J Heslop was a rare breed who will be missed

Published: Sunday, Aug. 7 2011 10:56 p.m. MDT

All the good men aren't gone. But one of them is.

J Malan Heslop passed away last week.

J was 88; his wife of 65 years, Fae, died 28 months ago, so it was one of those sad but happy passings, the prevailing feeling of loved ones that J and Fae are together again and living it up.

J was my boss at the Deseret News when he was managing editor from 1976 until he retired in 1988.

You know that editor who stands up in the middle of the newsroom, yells "Copy!" or "Rewrite!" or "Benson, in my office! Now!" and then storms into his office and slams the door?

That wasn't J Heslop.

Of all the bosses I had at the Deseret News, he was the one who least acted like one. I think part of it was that he spent his first 20 years as a photographer. Photographers are the bartenders of the newspaper trade; they constantly interact with all the reporters and editors, they hear all their gripes and issues, but they remain one step removed and entirely sympathetic.

It would be a good idea if everyone who ran a newspaper had to first work as a photographer for at least a year.

I think the other part of it was that J instinctively liked to lead from behind rather than in front. He figured he'd get the most good out of you if you felt good about yourself. He was constantly complimenting something. The last time I saw him, the first words out of his mouth were, "I've been reading the paper; you're doing a fine job. Keep it up."
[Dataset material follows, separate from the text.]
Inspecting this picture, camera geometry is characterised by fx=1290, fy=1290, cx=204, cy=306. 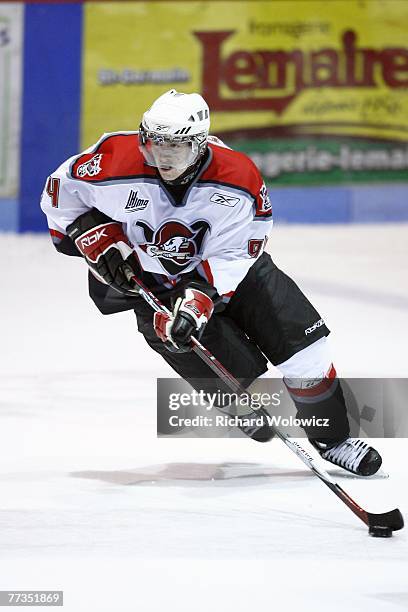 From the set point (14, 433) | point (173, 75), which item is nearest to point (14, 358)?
point (14, 433)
He said that to all the writers.

Carma Wadley, who retired this month from the News after her own 40-year shift, talked to J last November for a story about his days as a combat photographer in World War II.

"He was just like he always was," she says, "he always had something good to say. He made you feel like you mattered and then you wanted to do it better."

Her article chronicled J's march through Europe in 1944-45 as the German army was being routed by the Allies. Fresh off the family farm in Utah, he spent nine months photographing the war's final chapter and aftermath. He was one of the first Americans into Ebensee in Austria, a Nazi prison camp where 60,000 Jews and prisoners of war were incarcerated.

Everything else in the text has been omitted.